### Task item
The response should consist of every line below, restated exactly, with no pictures.

### Available data
============================================================

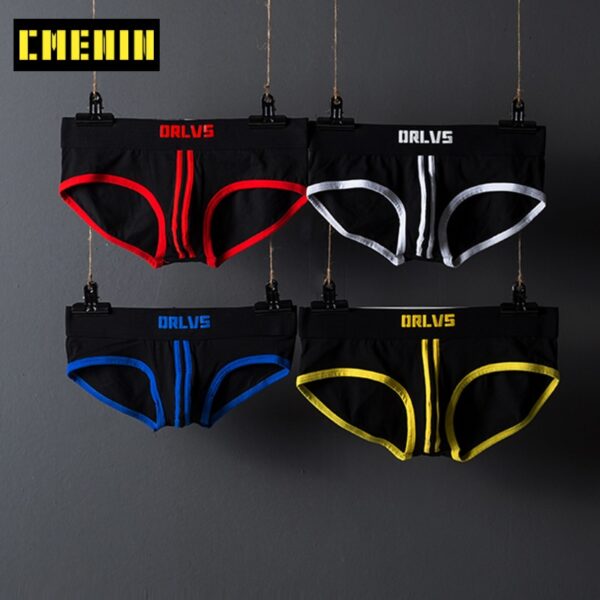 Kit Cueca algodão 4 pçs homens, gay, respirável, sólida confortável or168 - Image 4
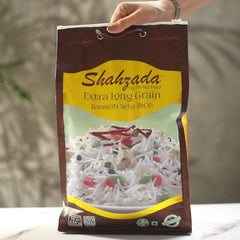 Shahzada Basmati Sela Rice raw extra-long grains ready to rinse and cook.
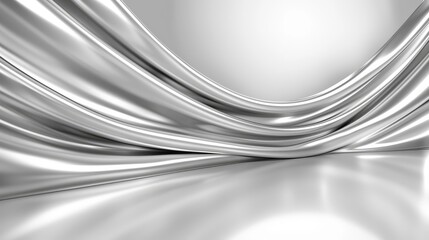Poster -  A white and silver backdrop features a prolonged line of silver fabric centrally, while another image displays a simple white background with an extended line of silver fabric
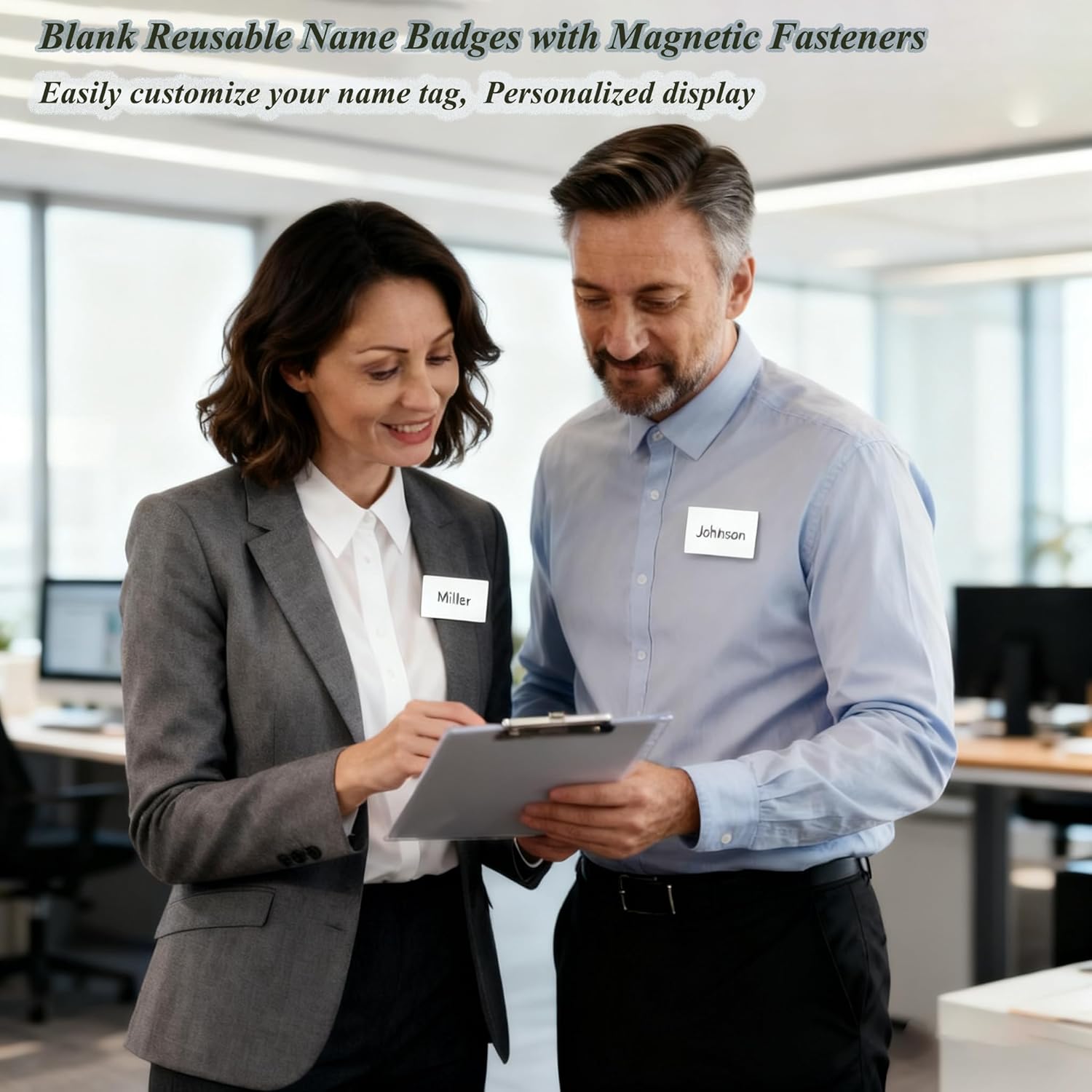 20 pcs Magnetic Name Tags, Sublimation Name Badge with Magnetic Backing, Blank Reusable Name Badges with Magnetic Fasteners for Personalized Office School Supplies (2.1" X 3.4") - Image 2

============================================================

### Expected answer
 Kit Cueca algodão 4 pçs homens, gay, respirável, sólida confortável or168 - Image 4
 Shahzada Basmati Sela Rice raw extra-long grains ready to rinse and cook.
Poster -  A white and silver backdrop features a prolonged line of silver fabric centrally, while another image displays a simple white background with an extended line of silver fabric
 20 pcs Magnetic Name Tags, Sublimation Name Badge with Magnetic Backing, Blank Reusable Name Badges with Magnetic Fasteners for Personalized Office School Supplies (2.1" X 3.4") - Image 2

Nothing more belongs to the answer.